Blogging can be a powerful way to establish thought leadership, but it does represent a risk. Only start a blog if you have valuable content to present, and if you can commit to keeping it up. Editorially, the tone should be informative, not sales-y. If you don’t have good writers in house, there are plenty of freelancers available to help. Another tip: If you hesitate to take on a blog on your own, you might provide guest posts to influential blogs managed by someone else. (As you see, this is the route I took for myself—it’s great!)

Find new customers. There’s a lot of hue and cry out there about whether social media can help you find prospective customers. Of course it can. The trick in B-to-B is to turn your social media messaging into a lead generator, with the addition of three essential elements:

  • A compelling offer, such as an intriguing research report or white paper.
  • A clear call to action, like “Download now.”
  • A dedicated landing page that captures the respondent’s contact information.
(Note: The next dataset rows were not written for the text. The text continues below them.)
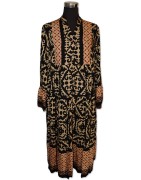 Kleid, Midikleid, camel/schwarz/rost/dunkelbraun gemustert, 100% Viscose, One Size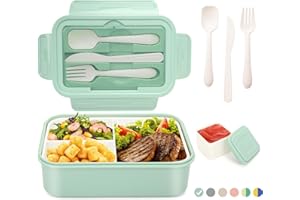 LUZOON Lunch Box,1400ml Bento Box con 3 Scomparti e Posate per Adulti, Porta Pranzo con Posate e Scatola Per Salse,Senza BPA,Sicuri per Microonde e Lavastoviglie (Verde Chiaro+Sauce Box)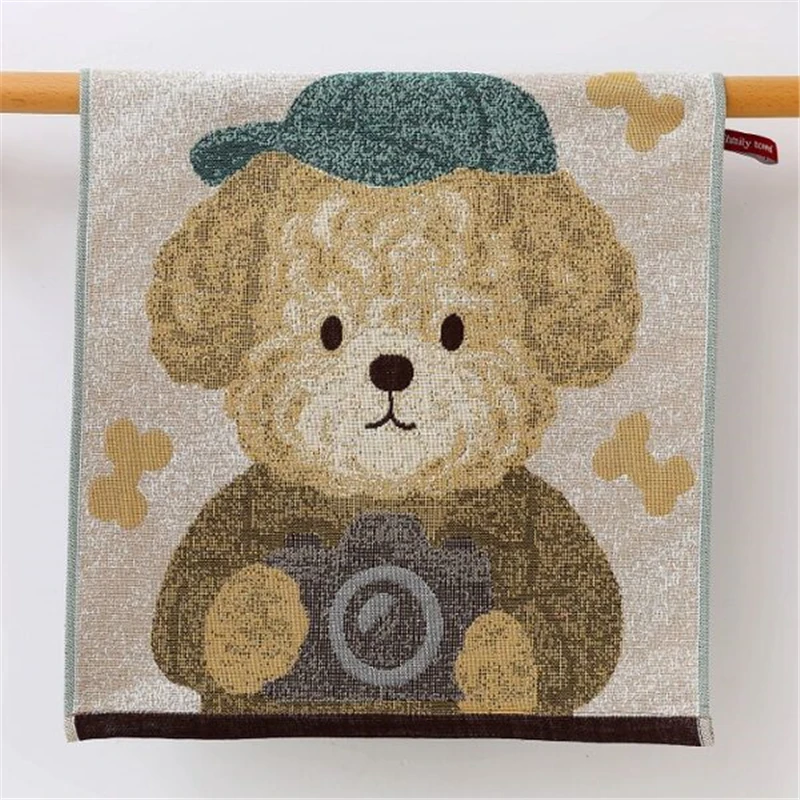 مناشف أطباق شاش قطنية كرتونية للمطبخ 35*40 سم رقيقة 4 قطع 9 أنماط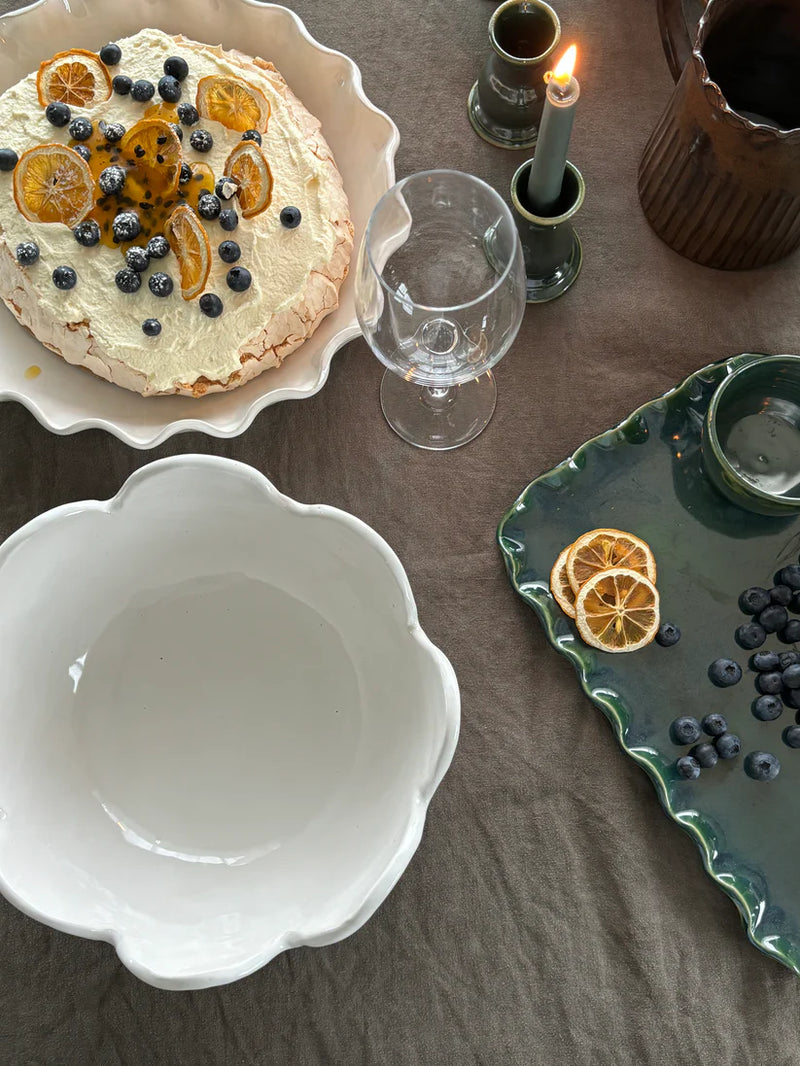 Magnolia Lane Scalloped Salad Bowl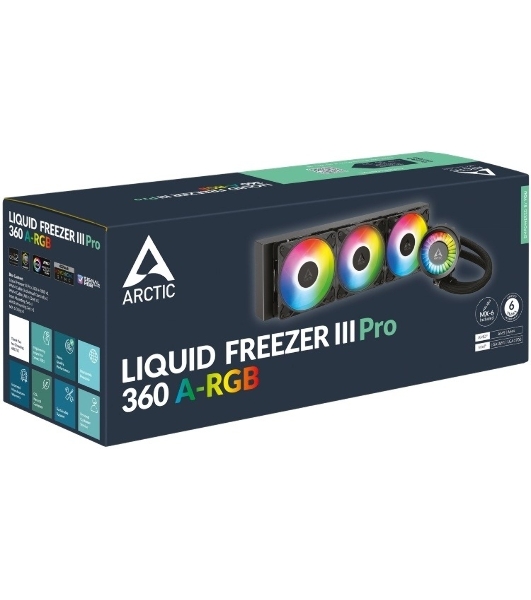 Жидкостная система охлаждения Arctic Cooling Liquid Freezer III Pro 360 ARGB Multi Compatible ACFRE00184A черный 120мм алюминий+медь 3000rpm 4-pin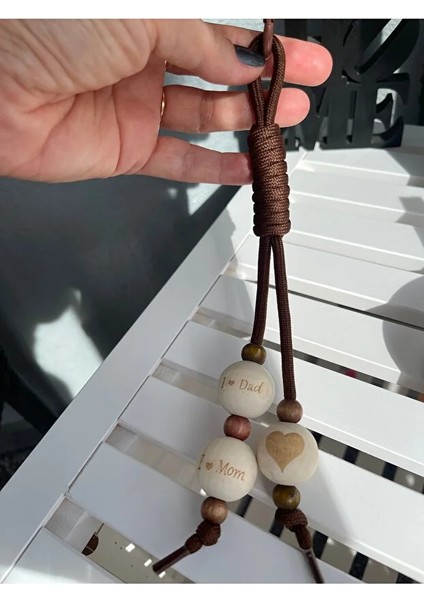 I Love Dad&mom Charmlı Kahverengi Paracord Çanta Aksesuarı - Charm - Çanta Süsü fiyatları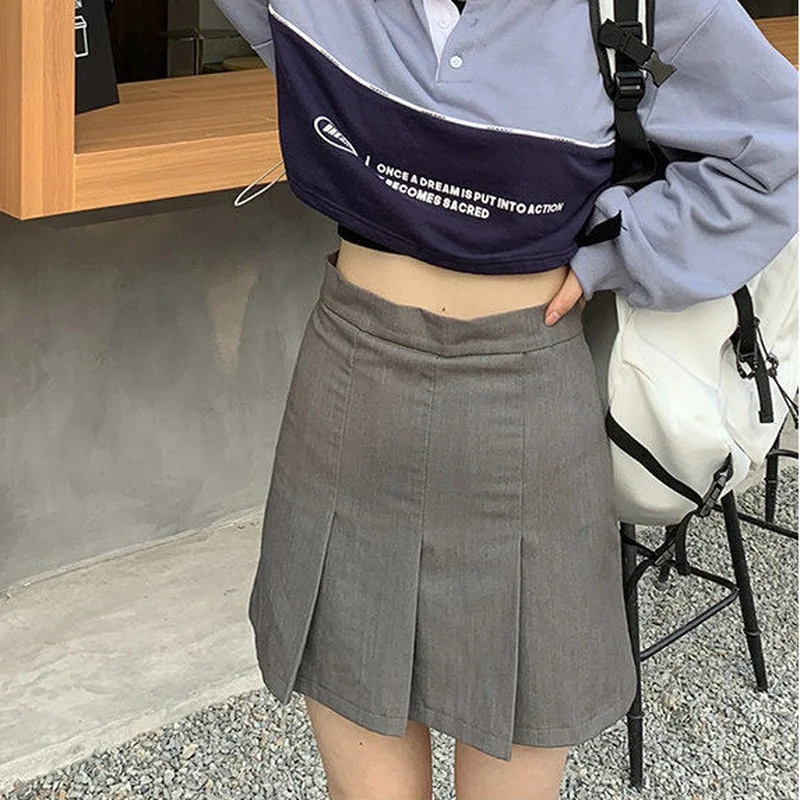 Плиссированная юбка HOUZHOU для женщин Милая Мини-юбка с высокой талией корейская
We can debate the merits of gating your content for lead generation, versus making it available to all, for thought leadership. A worthy discussion. But if your objective is to launch a business relationship with a prospective buyer, than the lead generation route is the way to go. So add an offer and call to action to your blog posts and tweets.

Expand current customer value. Social media can serve as another useful “touch” in your ongoing effort to penetrate accounts and deepen your relationship with current customers. Encourage customers to follow you on Twitter, subscribe to your blog, or connect with you on LinkedIn. A smart salesperson will link to every possible contact at a current account, and post company and product news in the LinkedIn microblog a couple times a week.

Now, what about Facebook? With 845 million users worldwide, it can’t be ignored. Ask yourself whether your customers are there, and whether they want to interact with you there. According to Globalspec, 66 percent of industrial workers have Facebook accounts, but 67 percent of them say they cannot access Facebook from their office computers. Given its vast reach, at the very least set up a company page on Facebook—for employee recruitment, if nothing else.

And don’t forget YouTube, the world’s second largest search engine. Set up a channel to give exposure to your product demos, training videos and corporate videos.

So, with that, you have a reasonable attack plan for cutting through the hype and putting social media to work for you in a manageable way. Now, what have I forgotten? Do you have any good social media applications you can share with the rest of us business marketers?

A version of this post appeared in Biznology, the digital marketing blog.